IMG_04721964 Flashback – Dick leaves for Vietnam

My father and I had said our goodbyes many times in my young life, this was how it worked in military families.  Dad was a Navy fighter pilot, his job took him away from home more often than not.  There would be a lot of commotion for a couple weeks and then dad was gone.

This goodbye, this moment of going off to war, was different.  This time dad was going to a dangerous, dark sounding place — Vietnam.  There was a charge to this goodbye, an excited tension and seeming finality.  Maybe it was my age, just turning 12, able to understand what was at stake for the first time, but it was worlds apart from any previous goodbye.

I remember clearly standing, alone, just the two of us at the door, dad anxious to get on with it, me drawing it out to the best of my adolescent ability. This house, one that dad had only occupied for a brief time and would be mine for the next year seemed like the last safe place.
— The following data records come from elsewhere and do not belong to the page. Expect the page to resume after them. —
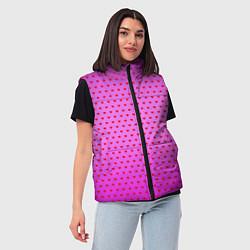 Женский жилет Красные сердечки на ярко розовом фоне, цвет: 3D-черный — фото 2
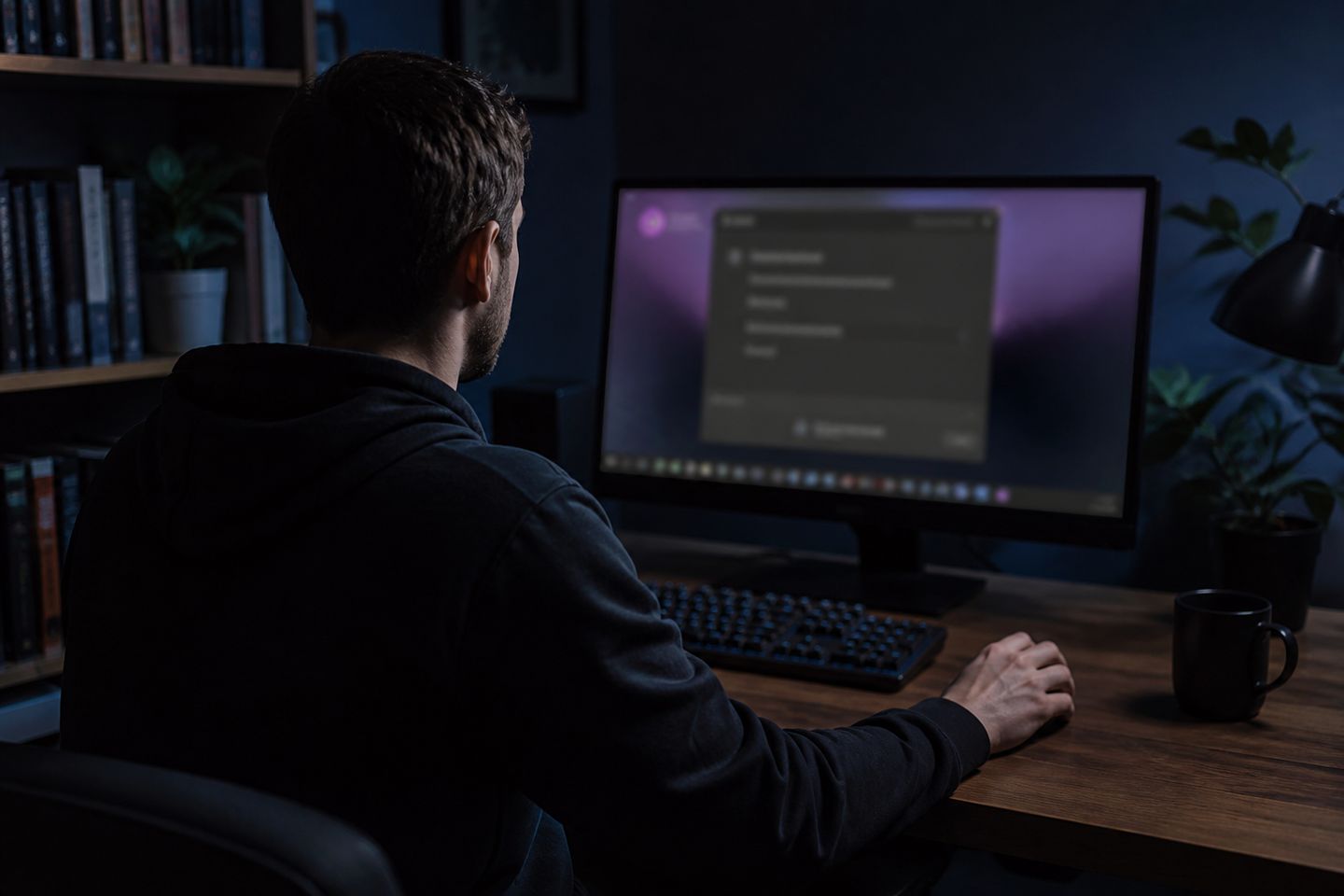 A user is setting up the Tor Browser on a desktop computer in a cozy workspace.
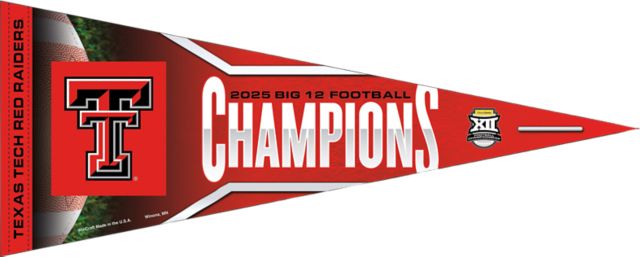 Texas Tech University Red Raiders Football 2025 Conference Champions 12 x 30 Pennant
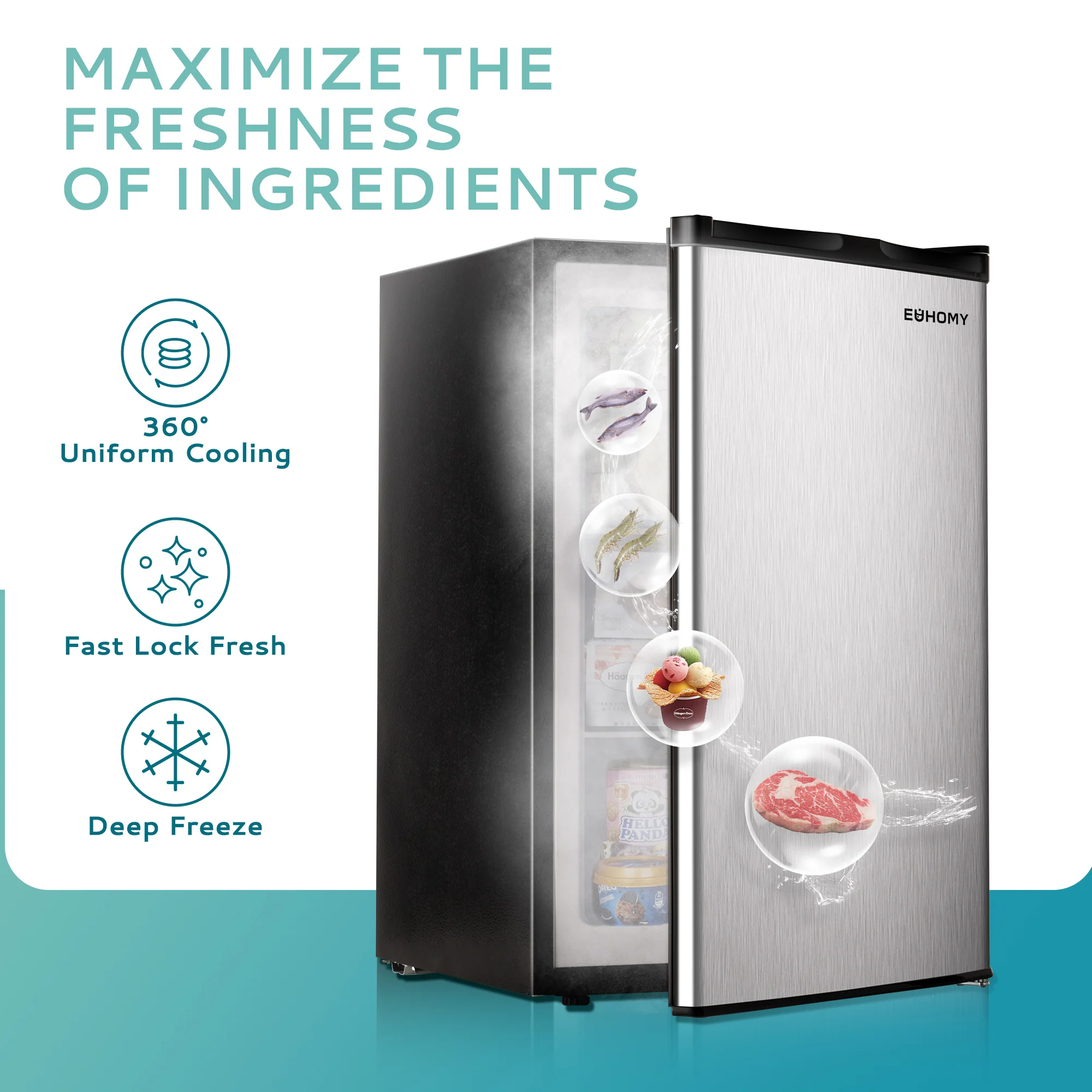 Compact Mini Freezer, Upright freezer Rapid Cooling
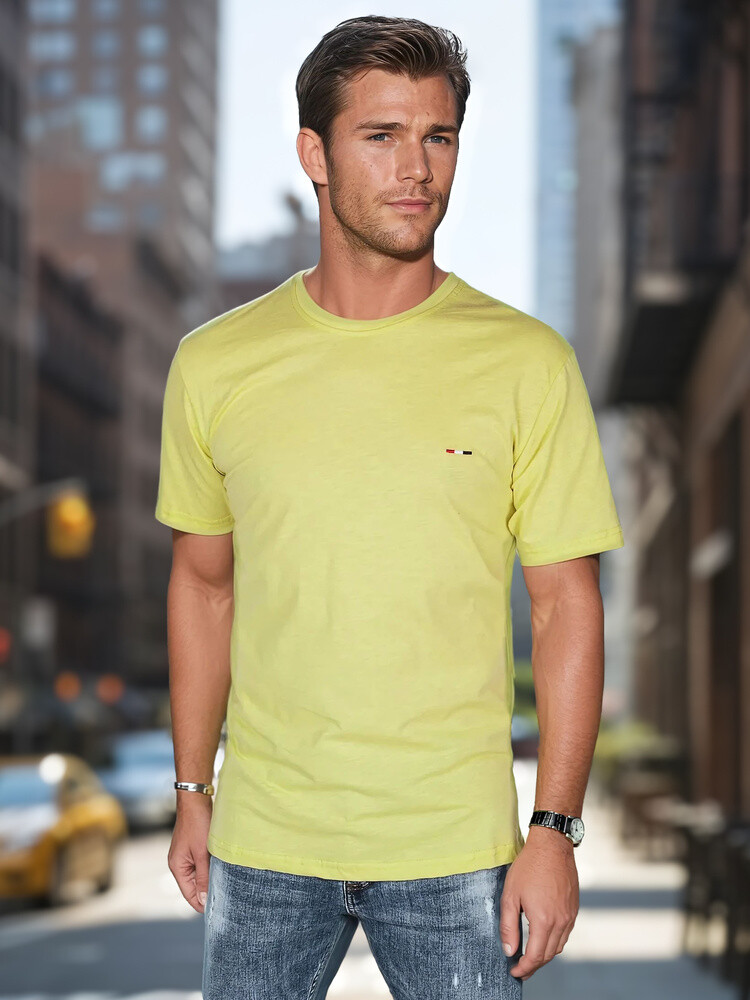 T-shirt męski z haftem żółty Dstreet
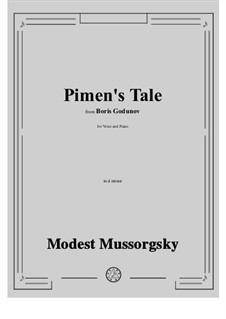 Pimen's Tale: Für Stimme und Klavier by Modest Mussorgski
Once out that door there were no guarantees and I was trying my best to make it last.  Crying.  Alone together, he tried to comfort me in the only way he knew.  He assured me he would be back, instructed me to take care of my mother and the kids, told me that the only reason he was going was so that I would never have to go.
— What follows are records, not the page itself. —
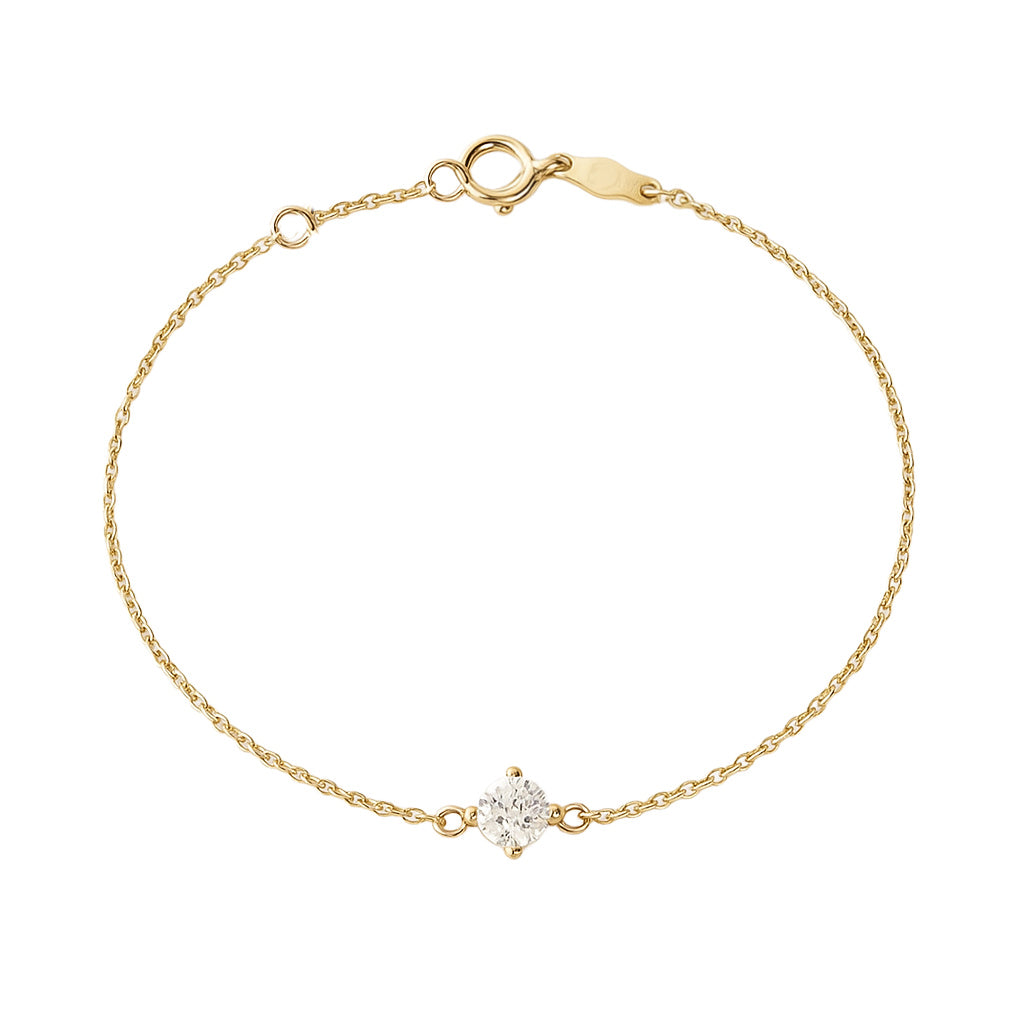 Single Solitaire Cubic Zirconia Bracelet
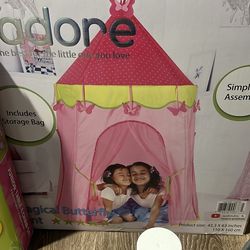 Little girl toys and table with chairs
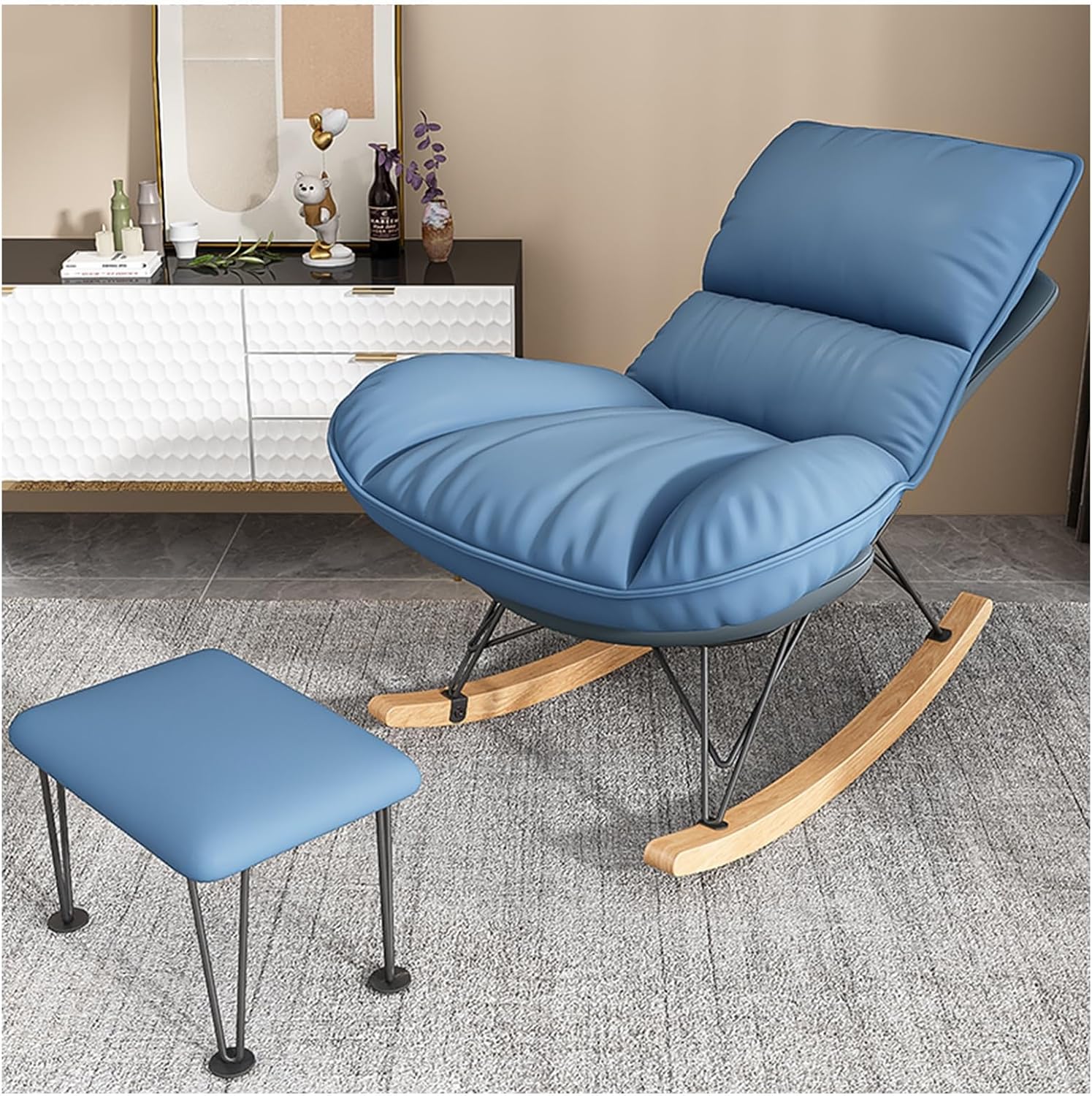 Rocking Chairs, Rocking Chair for Nursery, Rocking Chairs for Adults, Relaxing Chair, Bedroom Chair, with Soft Lumbar and Wood Legs Recliner Relaxing Chair, for Balcony L,Blue-B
Hearing those words in my mind now it sounds like the most bullshit of reasons, a worn out World War II line, but that was how we talked in those days, Communist Threat, Domino Theory, Making the World Safe for Democracy.

It’s what we believed, maybe more belligerently in military families, maybe we all thought that way.  I don’t know what dad really believed about that war,  but I know for sure that he had no idea that the little war he was headed off for in 1964 would still be raging seven years later and that I would get my own chance to walk out that door.